• Work request: An exact copy of the entries is needed, with every picture left out.

[Records from a dataset]
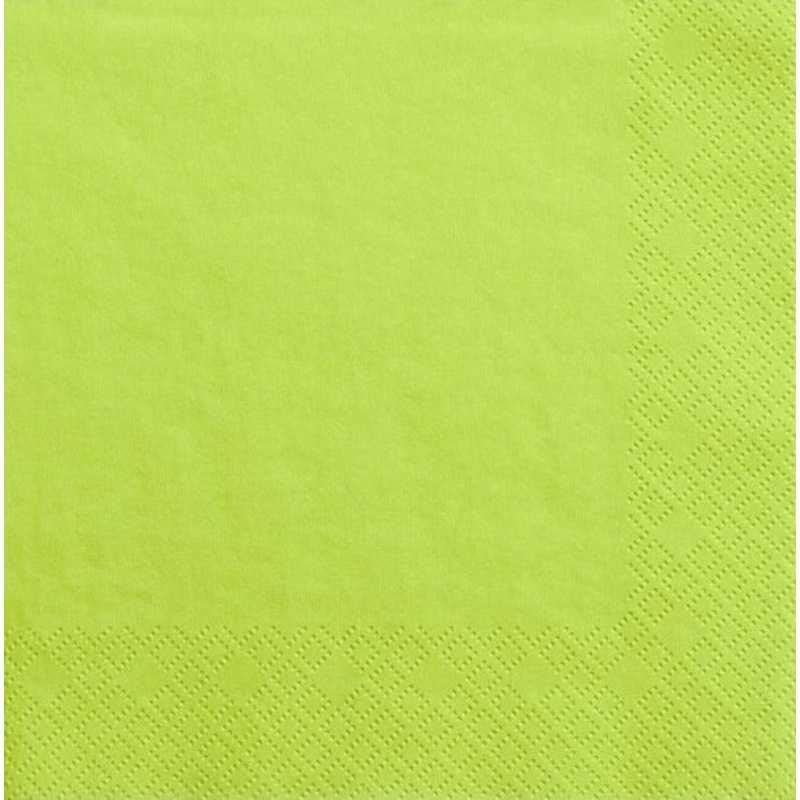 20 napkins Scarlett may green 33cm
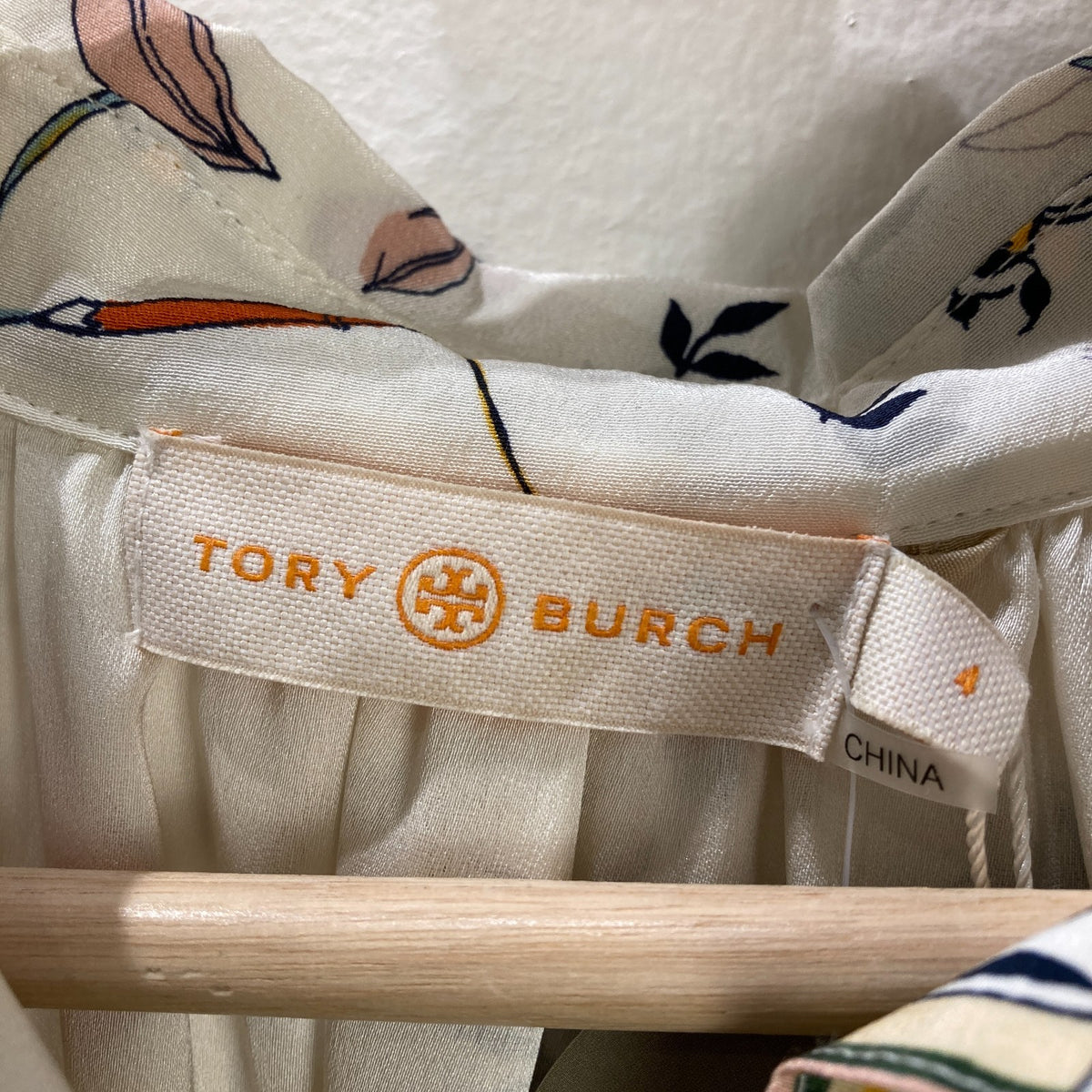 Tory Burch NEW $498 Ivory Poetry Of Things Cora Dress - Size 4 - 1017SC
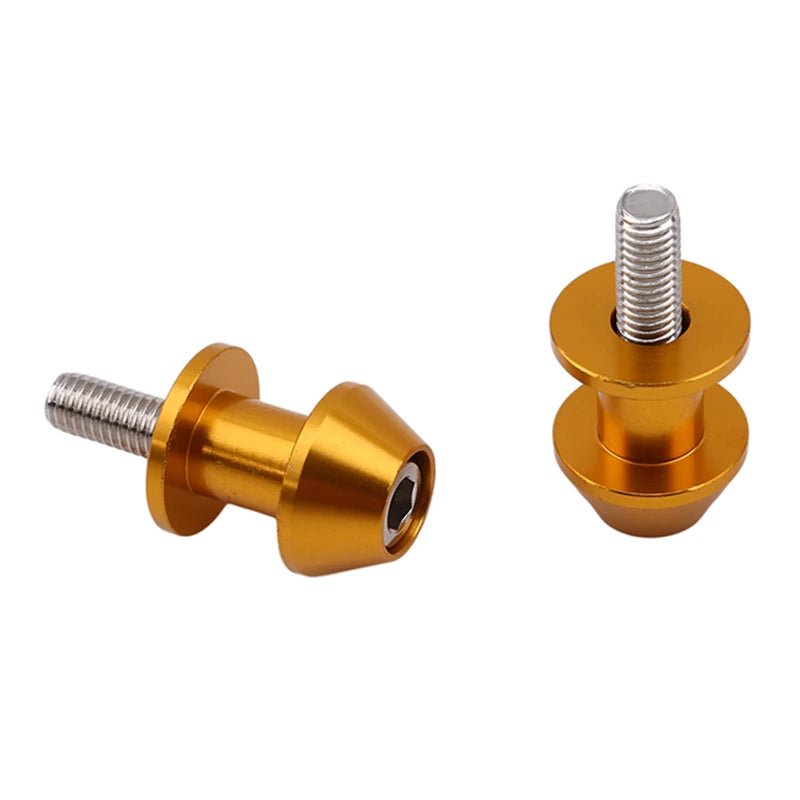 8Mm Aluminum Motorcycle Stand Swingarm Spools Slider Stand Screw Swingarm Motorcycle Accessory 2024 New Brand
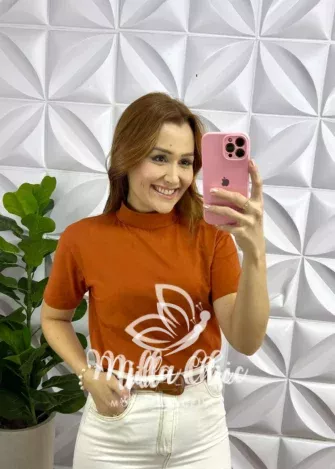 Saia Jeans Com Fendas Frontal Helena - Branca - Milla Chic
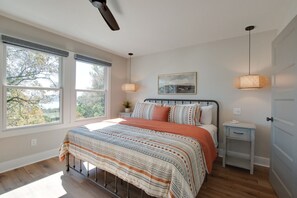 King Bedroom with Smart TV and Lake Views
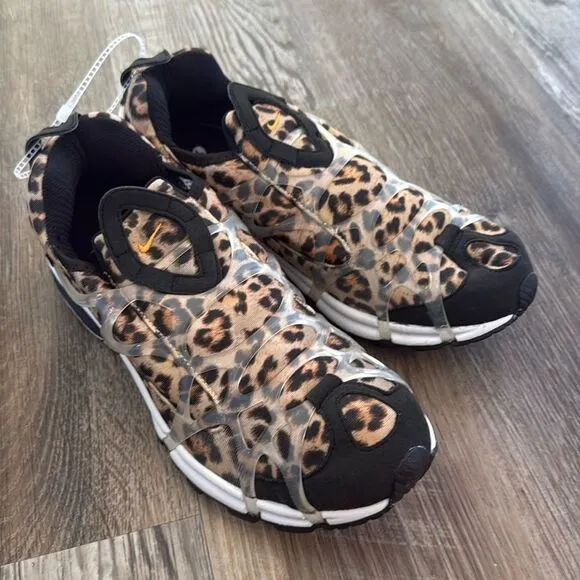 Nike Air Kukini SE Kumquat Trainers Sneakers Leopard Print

• Result of this exercise:
 20 napkins Scarlett may green 33cm
 Tory Burch NEW $498 Ivory Poetry Of Things Cora Dress - Size 4 - 1017SC
 8Mm Aluminum Motorcycle Stand Swingarm Spools Slider Stand Screw Swingarm Motorcycle Accessory 2024 New Brand
 Saia Jeans Com Fendas Frontal Helena - Branca - Milla Chic
 King Bedroom with Smart TV and Lake Views
 Nike Air Kukini SE Kumquat Trainers Sneakers Leopard Print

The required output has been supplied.